Sati Kumar claimed that he was writing modern poetry in the manner of French poet Rimbaud and the American poet Ginsberg. The mainstream progressive writers disapproved of these poems. This precisely was the time when he got a Bulgarian fellowship – thanks to Amrita Pritam – to do research at the Sofia University.
Sati married a Bulgarian girl and in her collaboration translated some parts of Ramayana and Mahabharata into Bulgarian. After a six year stint at Sofia, Sati migrated to Sweden where he lived till his end. From 1964-1979 he published four collections of poems, Pancham (1964), GhoriaaN di Udeek (1971), Rahao (1977) and Tambey da Rukh (1979). He edited nine books in Hindi mainly anthologies of modern Swedish poetry and his regular travelogues of East Europe published in Hindi weekly Dharmayug had a wide readership.
He staged a come back a couple of years ago in a book-length interview Mayajaal – Gallan ate Kavita (2005) and interspersed with poems from his earlier collections. The interview is a veritable autobiography of Sati Kumar along with a selection of his poems. It is a critique of Punjabi literature, Stalinist socialist realism in art and literature and of literary history of the last four decades. In 1995 Bhasha Vibhag of the Punjab government honoured him as ‘Shiromini Sahitkar’.
He is survived by his dramaturge daughter Aditi and engineer son Misho.
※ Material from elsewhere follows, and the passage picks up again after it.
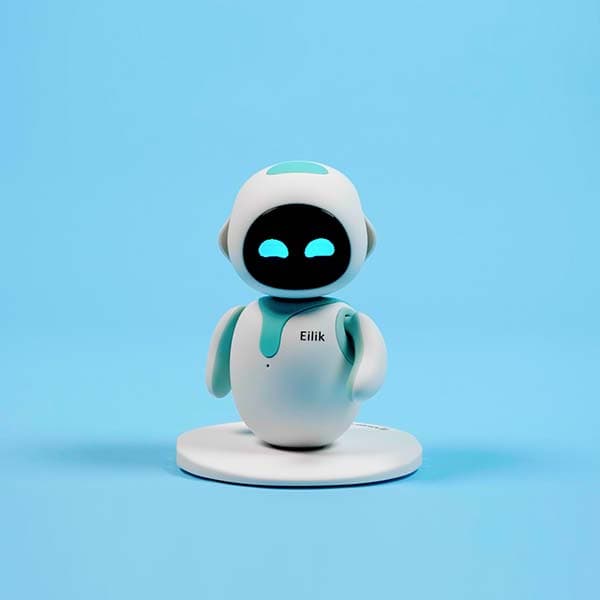 Blue and white Eilik desktop companion robot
His wife Ivanka predeceased him a few years ago. —
Madan Gopal Singh writes: Am deeply saddened by Sati's passing away. I have so many memories of him as a child and as a pubescent youth. For a number of years, as a handsome young man in his 20s, he was an integral part of our life. Almost regularly, we would dine together and have endless cups of tea. As young children, we would look up to him like we would a film star. He exuded such rare charm and sophistication. I remember him with a sense of deep, personal loss. [26 Jan 08]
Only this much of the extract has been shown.